Exercise instructions → Reproduce word for word the lines between those holding "Infinix Hot 40I" and "23 Piece Desert", inclusive, and nothing else from the data below.

Raw data →

*** Begin section ***

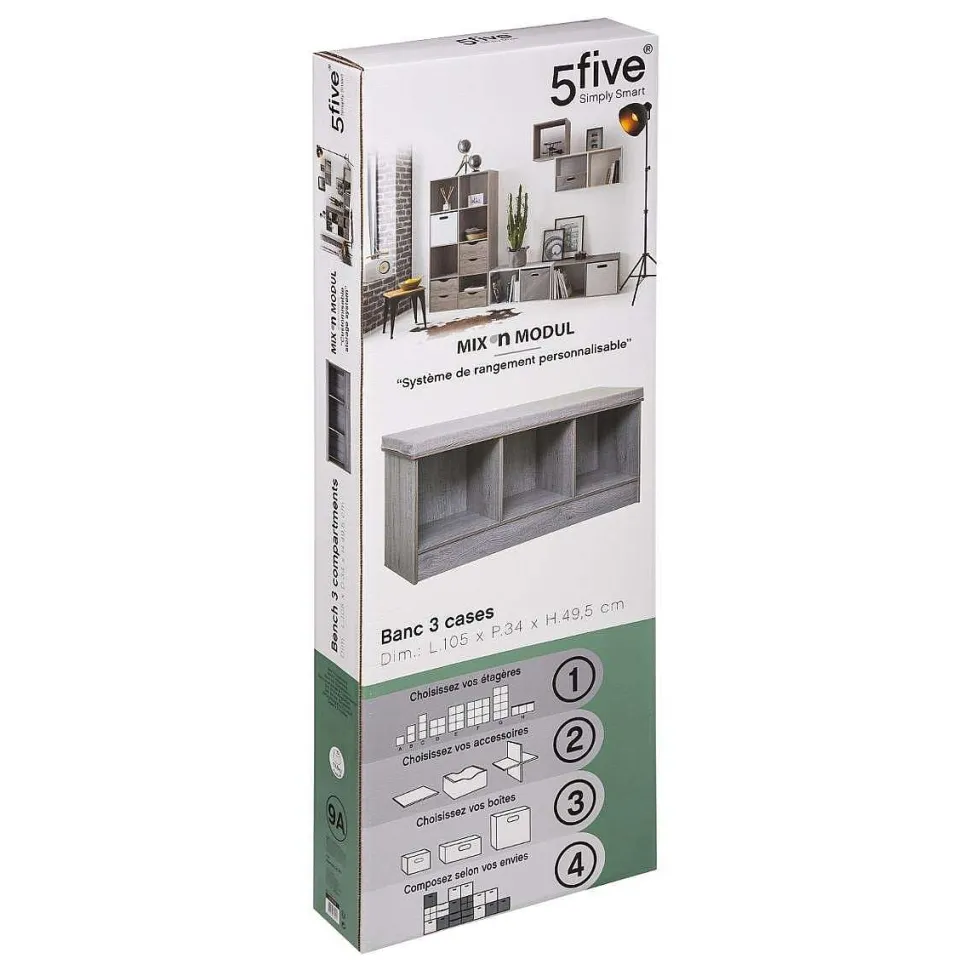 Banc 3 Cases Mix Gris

*** End section ***
*** Begin section ***

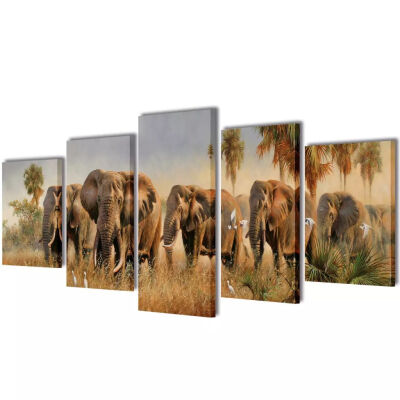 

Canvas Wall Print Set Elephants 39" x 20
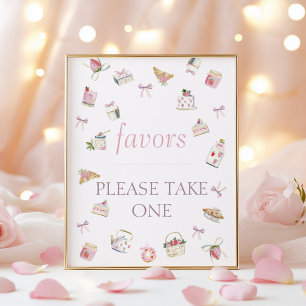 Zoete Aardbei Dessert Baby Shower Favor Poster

*** End section ***
*** Begin section ***

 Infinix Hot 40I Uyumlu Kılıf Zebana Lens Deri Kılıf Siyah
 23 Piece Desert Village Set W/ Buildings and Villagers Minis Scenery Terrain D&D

*** End section ***

Exercise response →
 Infinix Hot 40I Uyumlu Kılıf Zebana Lens Deri Kılıf Siyah
 23 Piece Desert Village Set W/ Buildings and Villagers Minis Scenery Terrain D&D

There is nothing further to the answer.